----- Given data -----

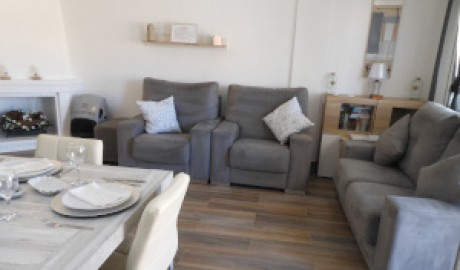 Wheelchair-Friendly Villa image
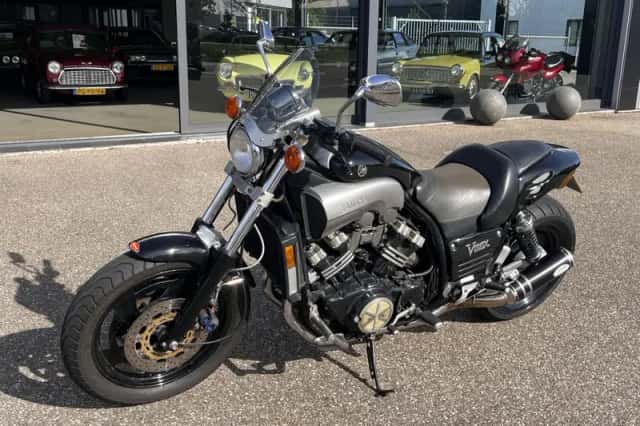 Yamaha VMX 1200 (1991) thumbnail 5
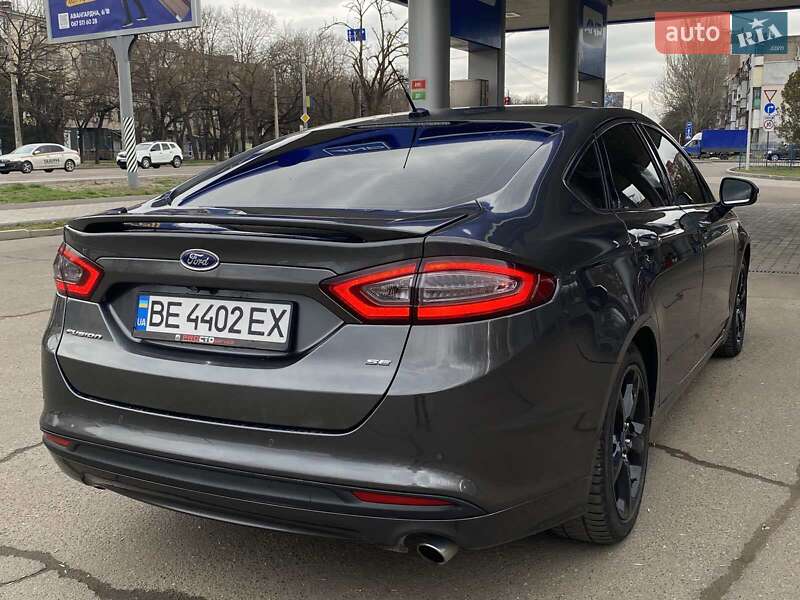 Седан Ford Fusion 2015 в Миколаєві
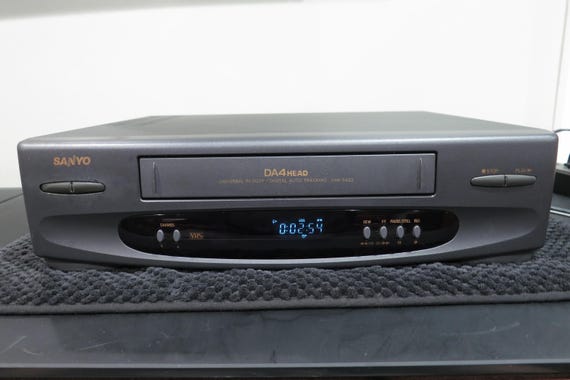 Vintage Sanyo 4-Head Hi-Fi VCR Digital Auto Tracking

-----

## Work instruction
Word for word, output the whole listing, but not its pictures.

## Expected answer
 Wheelchair-Friendly Villa image
 Yamaha VMX 1200 (1991) thumbnail 5
 Седан Ford Fusion 2015 в Миколаєві
 Vintage Sanyo 4-Head Hi-Fi VCR Digital Auto Tracking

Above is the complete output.